The vast majority of security flaws can only affect you if your software is out-of-date, or if you neglect to install a security suite. Once in a while, though, one crops up that blasts users across the board.
Such is the case with a newly discovered cellphone flaw. The Computer Emergency Response Team (CERT) at Carnegie Mellon University in Pittsburgh, sponsored by the Department of Homeland Security, is warning that all Android phones on AT&T and Verizon Wireless are currently open to attack over the Long Term Evolution (LTE) 4G network, and for the moment, there's not much the average consumer can do about it.
Information about the LTE flaw initially came from a team of South Korean security researchers. The researchers' technical paper, entitled "Breaking and Fixing VoLTE: Exploiting Hidden Data Channels and Mis-implementations," first saw the light of day at the 22nd ACM SIGSAC conference in Denver earlier this month. The takeaway is that calls made over an LTE network could theoretically make a phone susceptible to data theft, phone spoofing and unauthorized calls.
If you're interested in exactly how the process works (and have the technical chops to parse it), the research paper explains in great detail how LTE networks can use a new telephony protocol called voice-over-LTE (VoLTE). As 4G/LTE networks become more common, more and more phone calls use VoLTE rather than traditional telephone-network protocols.
Essentially, pre-LTE cellphone calls worked much the same as their land-line counterparts have since the 19th century. Two parties would connect directly to each other using a dedicated temporary connection, or circuit, provided by the telephone network. Signals, whether analog or digital, would travel directly between them along that single connection without interference from a third party. Some LTE voice networks still use this model.
VoLTE is very different and uses packet-switching, which transmits small bits (or "packets") of data across a large network made up a theoretically infinite number of connections — i.e., the Internet.
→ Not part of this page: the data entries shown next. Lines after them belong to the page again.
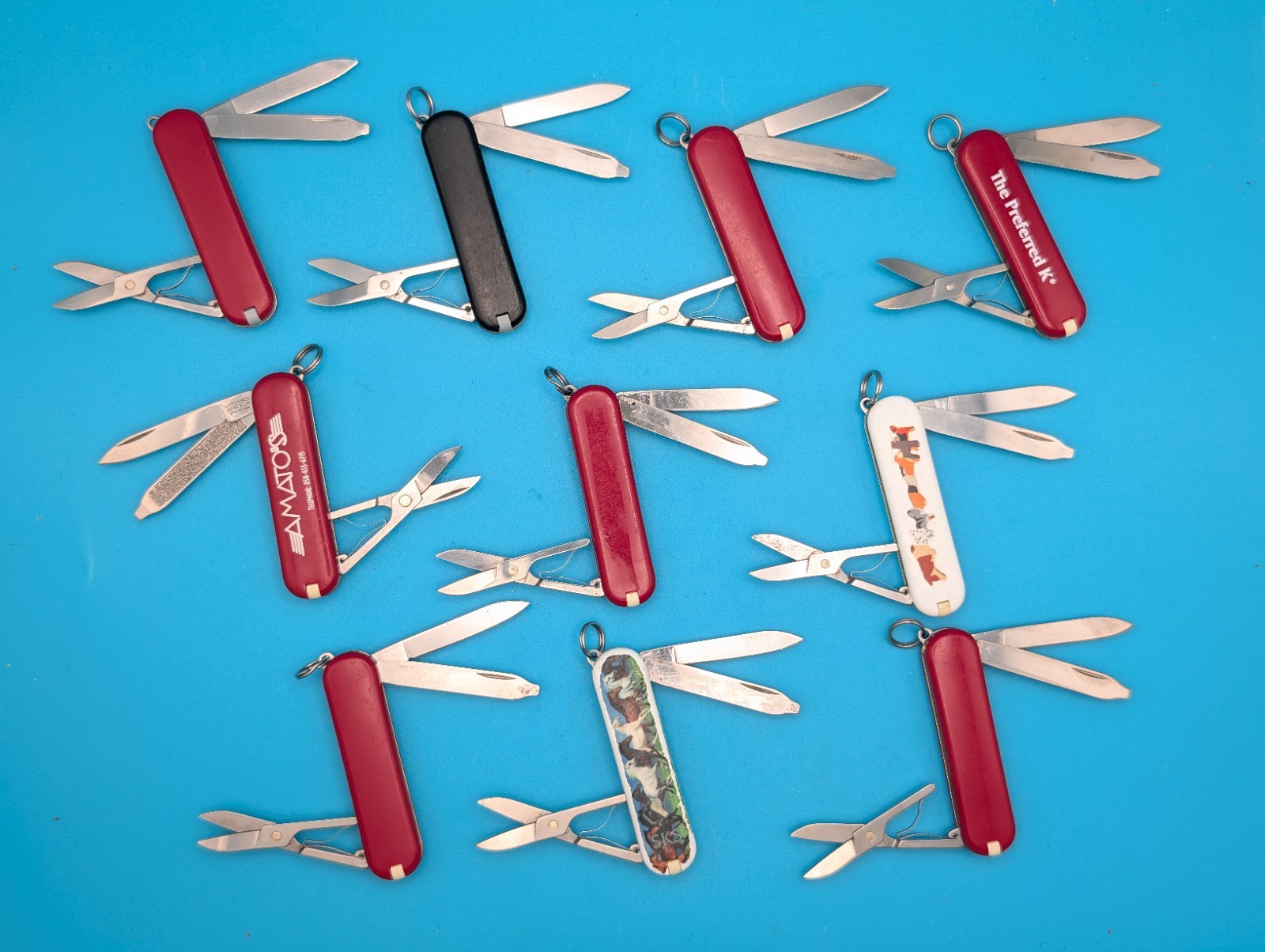 Lot of 10 Victorinox Classic Swiss Army Knife Multi Tools!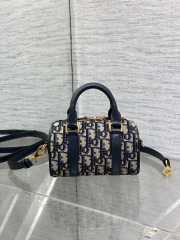 Christian Dior  Groove bag Size：17*10*8cm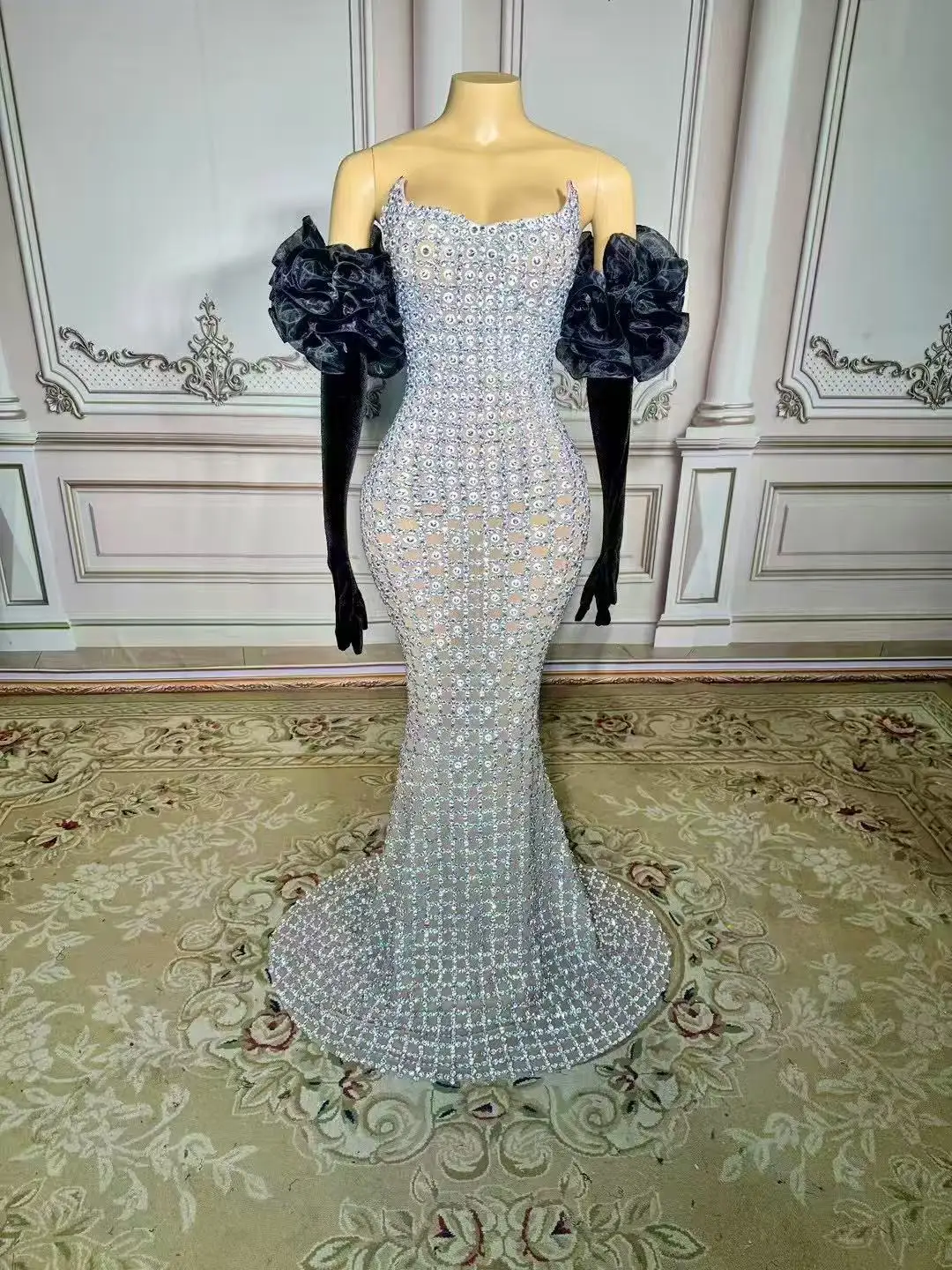 MisShow Customized Evening Dresses Black Girl's Crystal Beaded Fishtail Gown | Dramatic Ruffle Sleeves & Gloves for Gala Events
MisShow Customized Evening Dresses Black Girl's Crystal Beaded Fishtail Gown | Dramatic Ruffle Sleeves & Gloves for Gala Events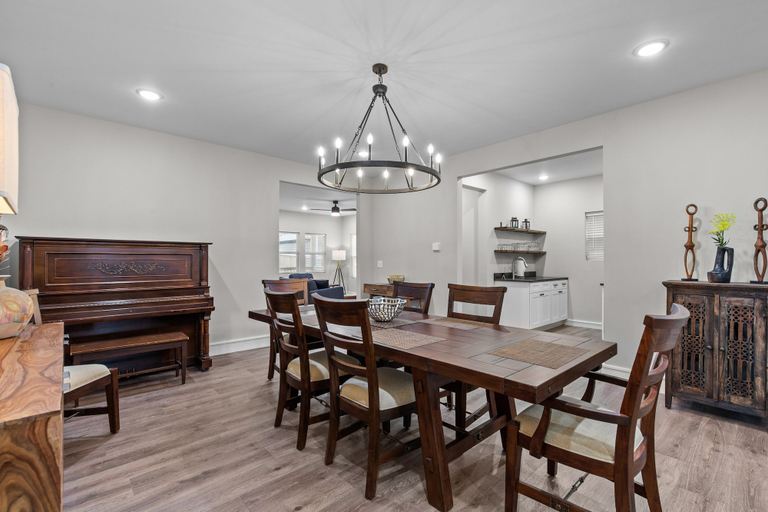 Interior 2, 3323: Uptown Elegant Escape by JZ Vacation Rentals, Saint Louis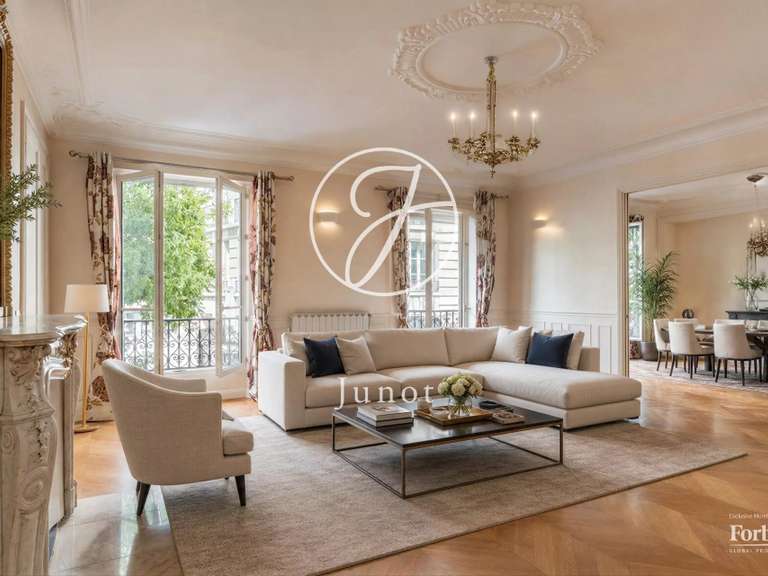 Appartement Paris 10e - 4 chambres - 153m²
Each data packet "knows" where to go, and are reassembled into a data stream — in this case, sound — at the destination. Almost every piece of data transmitted across the Internet follows such protocols.
However, moving to packet-based switching opens up voice calls to a huge array of Internet-based attacks that cellular carriers, accustomed to the built-in insularity of circuit-based switching, might not have anticipated. As VoLTE packets travel over the Internet, third parties can access these packets by using sophisticated techniques described in the research paper.
To put it simply, a technically-minded cybercriminal could override call permissions, horn in on private calls, steal a phone number for his or her own purposes or even hack into a user's phone directly. From there, installing a malicious Android app on a targeted phone would be trivial, further opening up the phone for text-message scams, phishing or whatever else could turn a profit.
There is some good news, however: The issue appears to be exclusive to Android phones on the AT&T and Verizon networks. T-Mobile users (and, by inference, MetroPCS users as well) were affected when the paper was written, but T-Mobile told ZDNet that the issue had been "resolved." (Sprint has not yet launched VoLTE service.) Apple devices on any network are unaffected.
This patchwork of vulnerable and immune systems suggests that both Google and the wireless carriers can patch the issue — and should probably do so sooner rather than later.
It's worth noting that there's currently no reason to think that attackers are using these techniques in the wild, although the paper may inspire some to try. At present, Carnegie Mellon CERT is "unaware of a practical solution to these problems."
Tom's Guide has one suggested solution, although it's not ideal and will not work on all Android phones. Go into Settings, select Cellular Networks or Mobile Networks, then Preferred Network Type. If there's an opportunity to switch from LTE to 3G, CDMA or GSM, do so. (Not every phone has this option.)
3G networks are apparently unaffected by the LTE issue, although they're not ideal for processing modern sites and apps; phones have come a long way in the past few years.